Prosecutors also said Gutierrez-Reed, who was not inside the church at the time of the shooting, "had a duty to stay with the weapon" and failed to show Halls or Baldwin that the gun was safe by taking out each bullet and showing that they were all dummy rounds.
"Reed's deviation from known standards, practice and protocol directly caused the fatal death of Hutchins," prosecutors wrote. "By not insisting Baldwin had the proper training, not checking the rounds she was loading into the firearms, not showing Halls or Baldwin each bullet before handing them the firearm, allowing live rounds on the scene, ... and allowing Baldwin to handle a firearm in a negligent manner, Reed acted with willful disregard for the safety of others."
In a statement provided to BuzzFeed News, Jason Bowles and Todd Bullion, attorneys for Gutierrez-Reed, fought back against the prosecutors' arguments, saying that the probable cause statement shows the district attorney's office "has completely misunderstood the facts and has reached the wrong conclusions."
They instead blamed Halls and other members of the production, saying that Gutierrez-Reed, who was also the set's assistant prop master, "pleaded to provide more firearms training," but she was "denied and brushed aside" and instead told to focus on props instead of her armorer duties.
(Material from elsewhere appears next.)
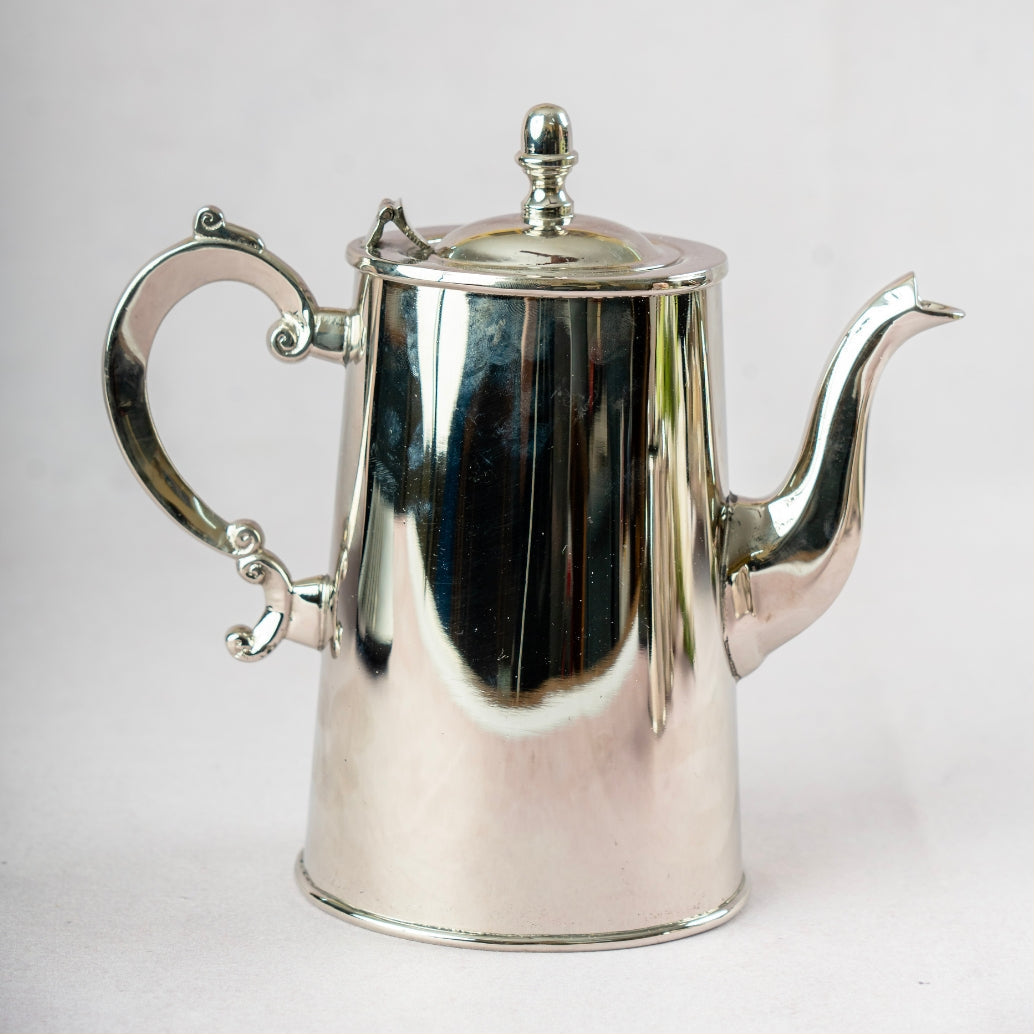 The Raj Court Tea Set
The attorneys said Gutierrez-Reed had asked Halls if they could use a plastic gun for the rehearsal instead, but he refused. She also asked to be called back into the church if Baldwin was going to be handling the gun but "Halls failed to do that," they said.
"The tragedy of this is had Hannah just been called back into the church by Halls, she would have performed the inspection and prevented this tragedy," Bowles and Bullion said. "We will fight these charges and expect that a jury will find Hannah not guilty."